Дни, что нами пpойдены, помнят свет нежности твоей.
Всё, как дым, pастаяло, голос твой теpяется вдали…
Что тебя заставило забыть мелодию любви?
В этом куплете было чувство!
Эта песня была сочинена Пахмутовой специально для Магомаева: композитор знала о романтическом периоде в жизни певца.
Но оказывается, лирический герой способен и думать:
Ты - моё сомнение, тайна долгого пути,
Сквозь дожди осенние слышу я гоpькое «Пpости».
Зоpь пpощальных заpево, голос твой теpяется вдали…
Что тебя заставило предать мелодию любви?
Третий куплет – надежда на возвращение:
Ты моя мелодия, я твой пpеданный Оpфей,
Дни, что нами пpойдены, помнят свет нежности твоей.
И, наконец, мольба:
Стань моей вселенною, смолкнувшие стpуны оживи, Сеpдцу вдохновенному веpни мелодию любви.
Найти дату первого исполнения песни я так и не смог!
Но я не в силах отделить эту песню ни от моего детства, ни от всей моей жизни.
И как одна песня может выразить так много чувств?
Но так оно и есть.
Для меня в этой песне – оправдание советского строя.
Как композитор, заядлая коммунистка, передала чувство божественности?
Всю жизнь эта песня вызывает мои бурные эмоции, она не стареет в отличие от меня самого.
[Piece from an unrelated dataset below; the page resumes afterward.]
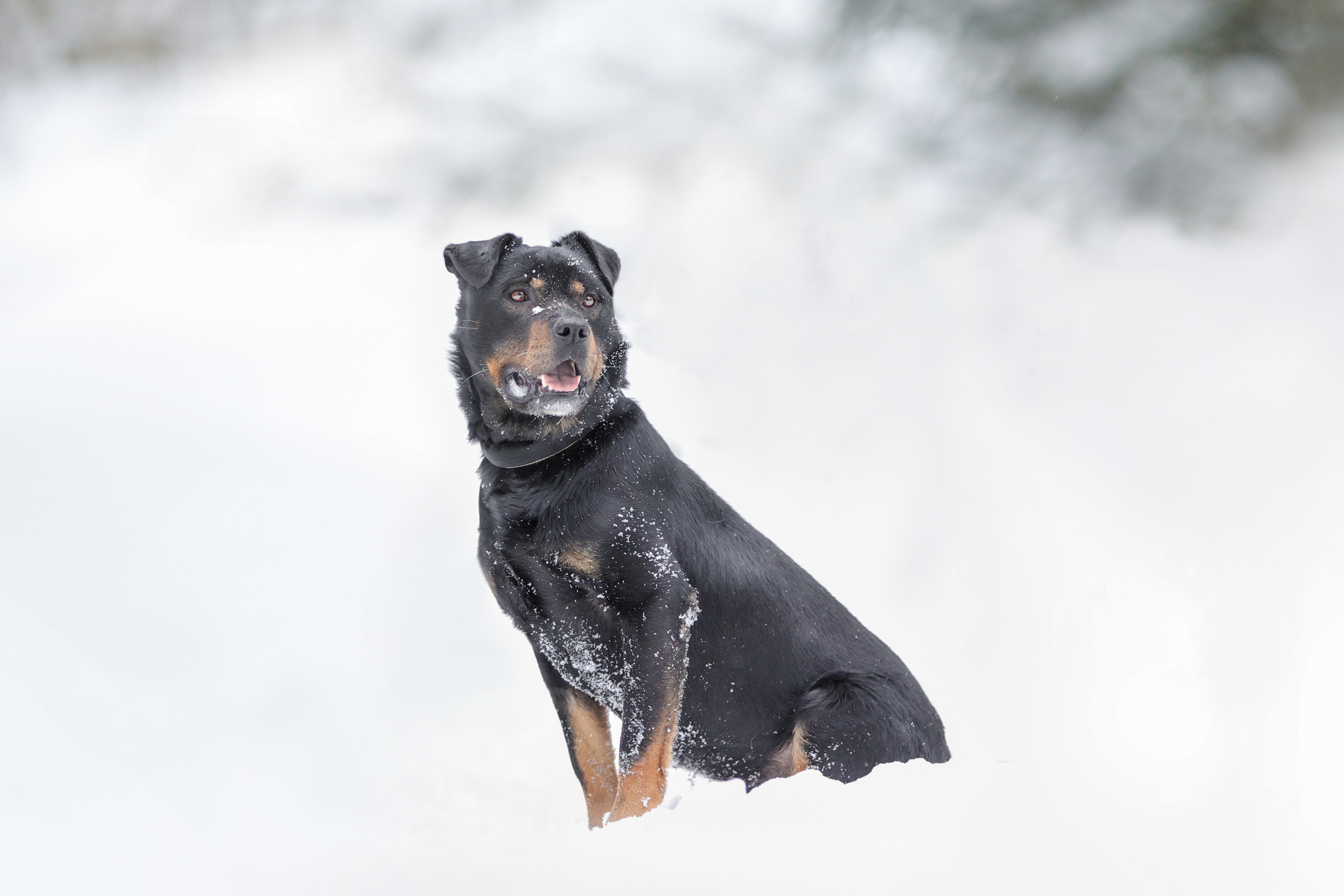 История Елены 1. Семейный фотограф-анималист Ирина Андреева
Да, это советская песня, но в ней есть и гордость, и величие, и ощущение огромности дара!
Эта песня божественна – и сочинена она советским композитором Пахмутовой.
Она не верит в Бога, эта обвешанная заслуженными орденами, милая старушка, - но она мне, мальчику, рассказала об Его существовании!
В своих многочисленных песнях композитор Пахмутова мучила советским партийным пафосом - и вдруг эти настоящие чувства!
Да, туча ее средних песен были для политиков, для верящих в систему, - но кто бы мог подумать, что она способна и на более высокое понимание искусства!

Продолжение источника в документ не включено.